Das Hybrid im Aufflug
Erschienen in: Recherchen 114: Fiebach – Theater. Wissen. Machen. (06/2014)
Von Bertolt Brecht gibt es den Satz: „Ein Aviatiker sieht den Flug einer Taube: ‚Die Taube fliegt falsch.‘“
Im Widerstreit der Wissenschaft spricht Joachim Fiebach zweifellos immer für die als falsch fliegend gescholtene Taube. Und da sie von den Aviatikern als falsch fliegend denunziert ist, wird ihr die Existenzberechtigung abgesprochen. Aber der Kenner unterscheidet genau zwischen lebenden Vögeln, exotischen Vogelimitaten, prächtigen toten Präparaten, und lässt sich auch von den überschnellen Tontauben nicht täuschen. Besonders letztere sind sehr beliebt, weil sie beeindruckend kometenhaft aufsteigen, einzig, um die Kunst des Schützen zu demonstrieren.

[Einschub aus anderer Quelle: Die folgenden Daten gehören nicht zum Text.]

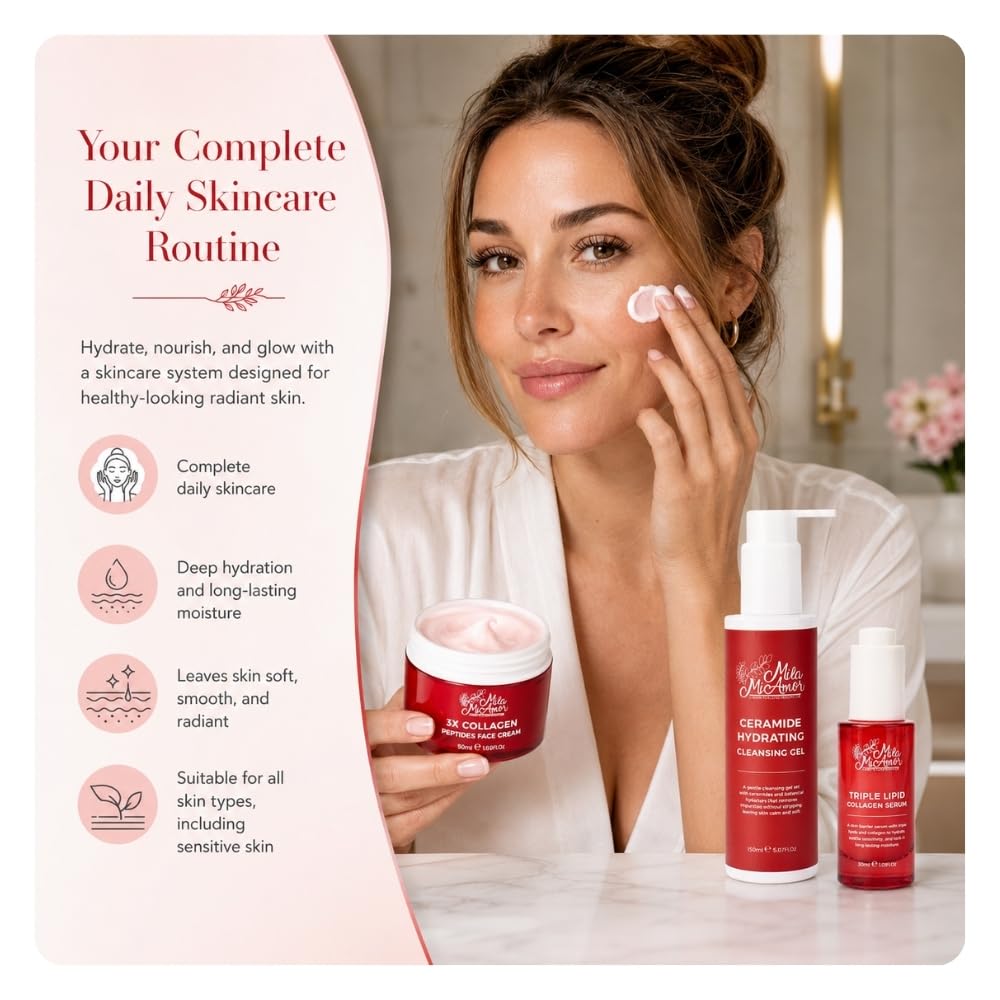 Firm & Glow Skincare Set for Women | 3-Step Daily Face Care Routine Kit | Ceramide Cleansing Gel, Triple Lipid Collagen Serum & Peptides Face Cream | Deep Hydration | All Skin Types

Eine kleine Episode aus dem Jahre 1981 mag das verdeutlichen. Joachim Fiebach war der wissenschaftliche Berater und Dramaturg beim DDR-Vietnam-Projekt von Brechts Kaukasischem Kreidekreis. Auf der Suche nach einer passenden epischen Theaterform für eine Brecht-Inszenierung sahen wir in Ho-Chi-Minh-City (Saigon) südvietnamesisches Gesangstheater – das Cay Luong. Mein erster Eindruck war kritisch-geringschätzig: zu sentimental, zu bunt, zu süß. Der Realismus, den ich im bäuerlichen Gesangstheater des Nordens, dem Cheo, schätzen gelernt hatte – hier schien er zu fehlen, für mich jedenfalls nicht auffallend, insgesamt unbefriedigend. Leise, fast beiläufig, wechselt Jochen meine Optik.
Ich sehe das anders. Das hier ist eine kulturelle Mischform des Gesangstheaters, stark vom französischen...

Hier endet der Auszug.